* **TASK TO CARRY OUT**: Leaving out the images, repeat all the lines below exactly.

(Data entries)
------------------------------
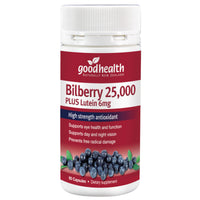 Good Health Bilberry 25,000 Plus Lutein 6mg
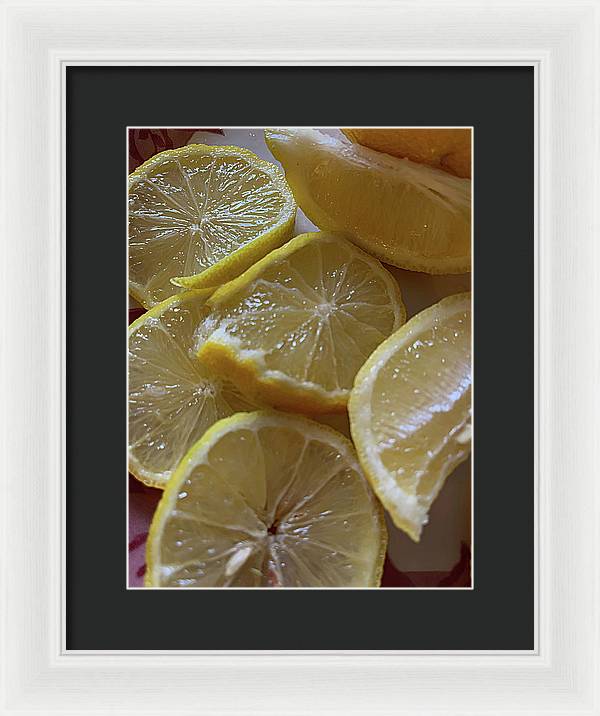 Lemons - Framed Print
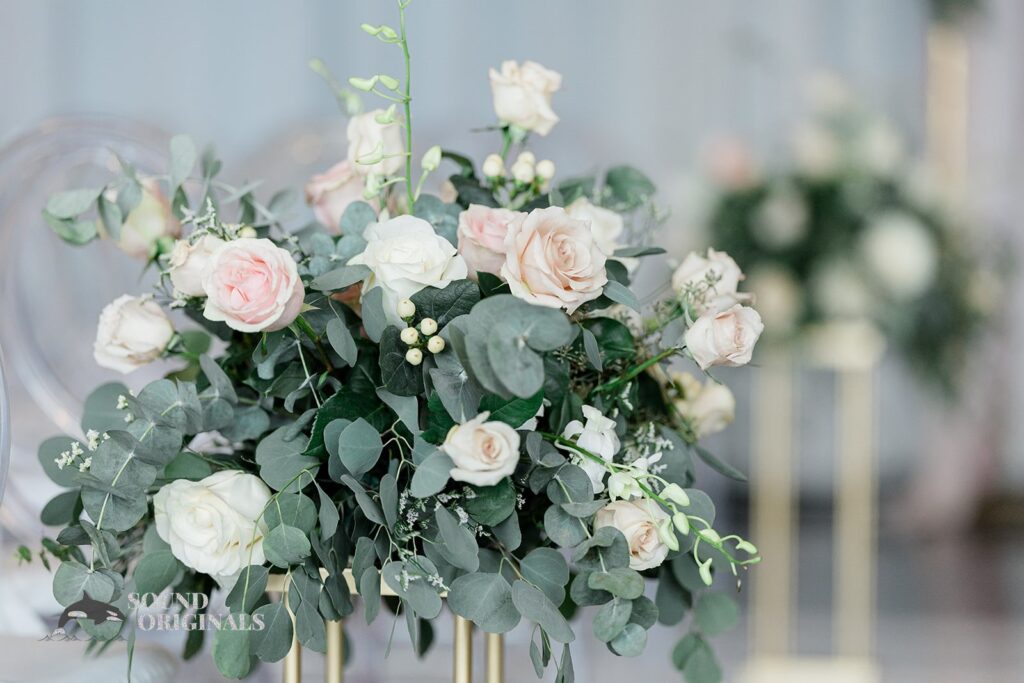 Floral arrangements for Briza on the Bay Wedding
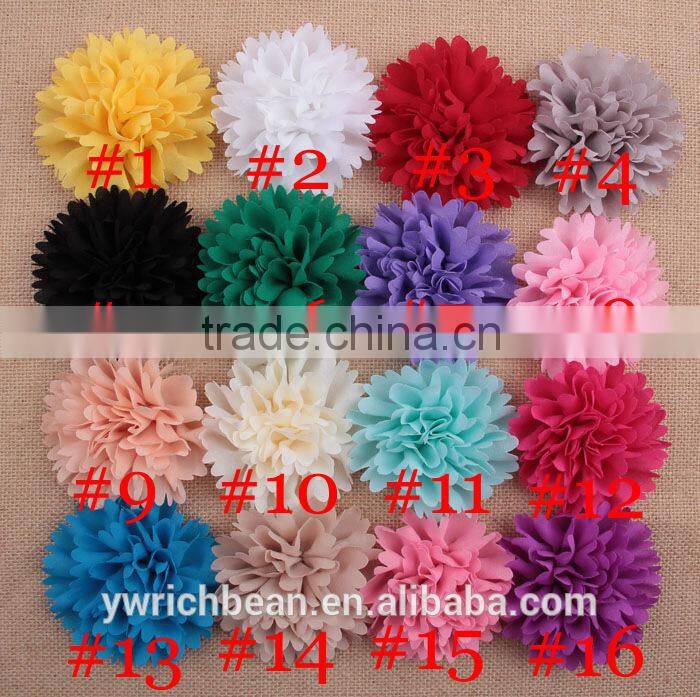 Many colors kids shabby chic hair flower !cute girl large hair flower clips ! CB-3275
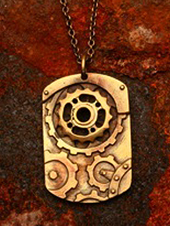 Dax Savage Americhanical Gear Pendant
------------------------------
* **FINAL ANSWER**:
 Good Health Bilberry 25,000 Plus Lutein 6mg
 Lemons - Framed Print
 Floral arrangements for Briza on the Bay Wedding
 Many colors kids shabby chic hair flower !cute girl large hair flower clips ! CB-3275
 Dax Savage Americhanical Gear Pendant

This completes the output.